• _WHAT YOU WILL DO_
Write out a word-for-word repetition of the lines that come before the line containing "adelante hacia atrás" in the listing below, along with that line itself, omitting pictures.

--------

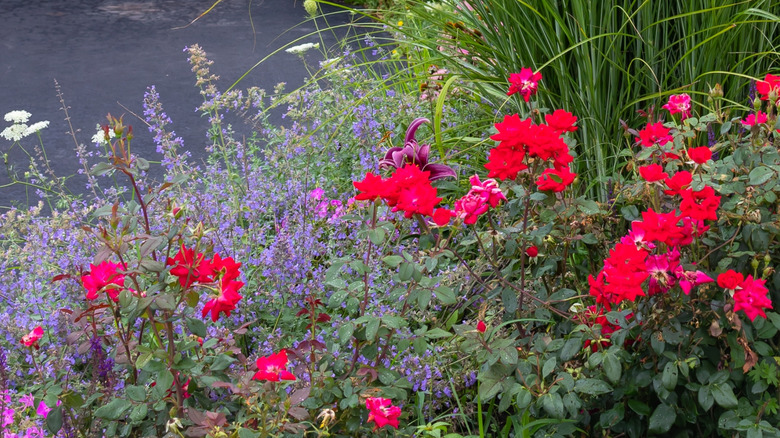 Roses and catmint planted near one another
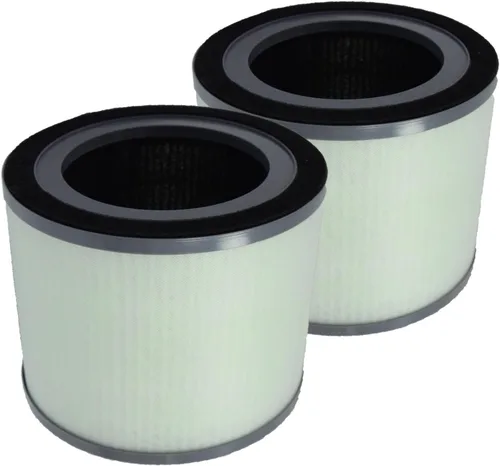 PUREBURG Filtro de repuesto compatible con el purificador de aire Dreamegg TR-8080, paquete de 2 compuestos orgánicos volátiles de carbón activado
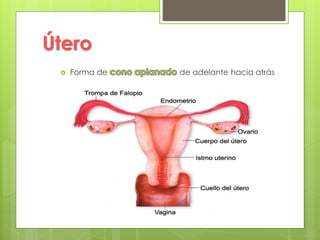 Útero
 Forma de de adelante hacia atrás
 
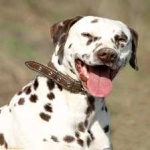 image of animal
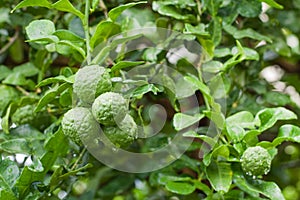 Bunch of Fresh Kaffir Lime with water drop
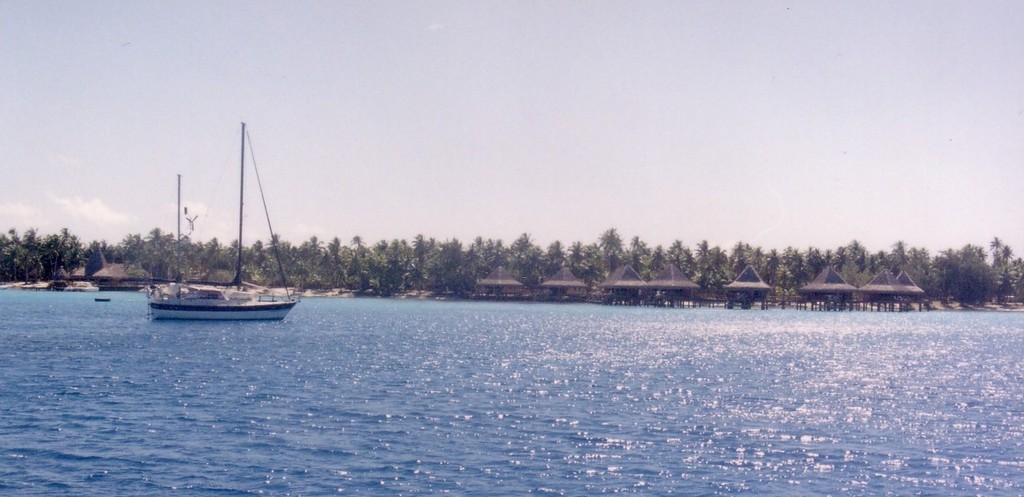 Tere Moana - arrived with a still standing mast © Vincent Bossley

--------

• _YOUR SOLUTION_
 Roses and catmint planted near one another
 PUREBURG Filtro de repuesto compatible con el purificador de aire Dreamegg TR-8080, paquete de 2 compuestos orgánicos volátiles de carbón activado
 Útero
 Forma de de adelante hacia atrás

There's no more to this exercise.